Cependant, tous les gouvernements de droite ont plus ou moins recours à ce genre de rhétorique réactionnaire. Sont-ils tous « fascistes » ? Non. Ou alors ce terme ne désigne plus rien de précis.
Il nous faut une caractérisation scientifique du fascisme. Autrement dit, on doit comprendre sa dynamique de classe. Le fascisme est un mouvement pro-capitaliste. Les partis fascistes qui, le siècle dernier, ont pris le pouvoir en Italie, en Espagne et en Allemagne, ont été soutenus par la grande bourgeoisie de ces pays. Une fois au pouvoir, ils ont donné à la domination du grand Capital un caractère « pur », c’est-à-dire barbare.
La fonction historique du fascisme, c’est précisément la destruction complète de toutes les organisations de la classe ouvrière : partis de gauche, syndicats, associations, etc. Mais pour y parvenir, la bourgeoisie ne peut pas seulement s’appuyer sur son appareil d’Etat (la police et l’armée). Elle doit aussi mobiliser, discipliner et armer une masse de petits-bourgeois désespérés, pour les projeter contre les organisations ouvrières. La base sociale du fascisme, c’est toujours la petite-bourgeoisie : petits paysans, artisans, commerçants, etc.
Rapport de force
Où sont, aux Etats-Unis et au Brésil, les « troupes de choc » du fascisme ? Elles n’existent pas. Certes, il y a de petites organisations fascistes. Elles sont dangereuses et doivent être écrasées. Mais elles ne peuvent pas détruire les organisations des travailleurs américains et brésiliens. En outre, depuis les années 1930, la base de masse du fascisme – la petite-bourgeoisie – a beaucoup décliné, numériquement, au profit de la classe ouvrière (y compris au Brésil). Cela a modifié le rapport de force entre les classes, à notre avantage. Et cela limite considérablement la possibilité, pour la bourgeoisie, de s’orienter vers un régime fasciste.

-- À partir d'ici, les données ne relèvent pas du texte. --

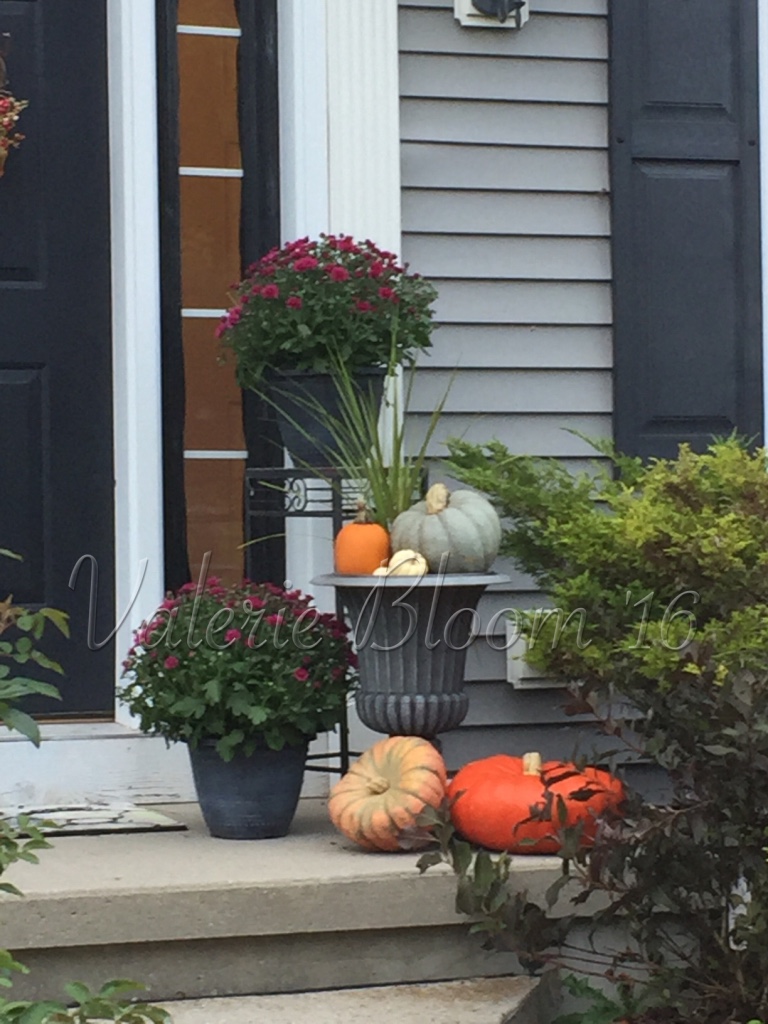 Finally getting around to some fall decorating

Enfin, le fascisme ne peut accéder au pouvoir que dans le contexte d’une désorientation et d’une démoralisation profondes des travailleurs, au terme de toute une période d’intense lutte des classes – période au cours de laquelle les travailleurs ont eu la possibilité de prendre le pouvoir, mais se sont heurtés à la politique erronée de leurs propres organisations. Ce fut le cas en Italie, en Allemagne et en Espagne. Mais ce n’est pas du tout la situation concrète des travailleurs aux Etats-Unis et au Brésil, aujourd’hui. Loin d’être épuisée par des années de lutte intense et sans issue, la classe ouvrière de ces deux pays commence à se mobiliser.
Bien sûr, Trump et Bolsonaro sont de dangereux ennemis des travailleurs. Ils doivent être combattus. Mais avant que la bourgeoisie de ces deux pays puisse s’orienter vers des régimes dictatoriaux (ou a fortiori fascistes), les travailleurs auront plusieurs occasions de prendre le pouvoir. Et ils le prendront s’ils ont, à leur tête, un parti révolutionnaire déterminé à renverser le capitalisme.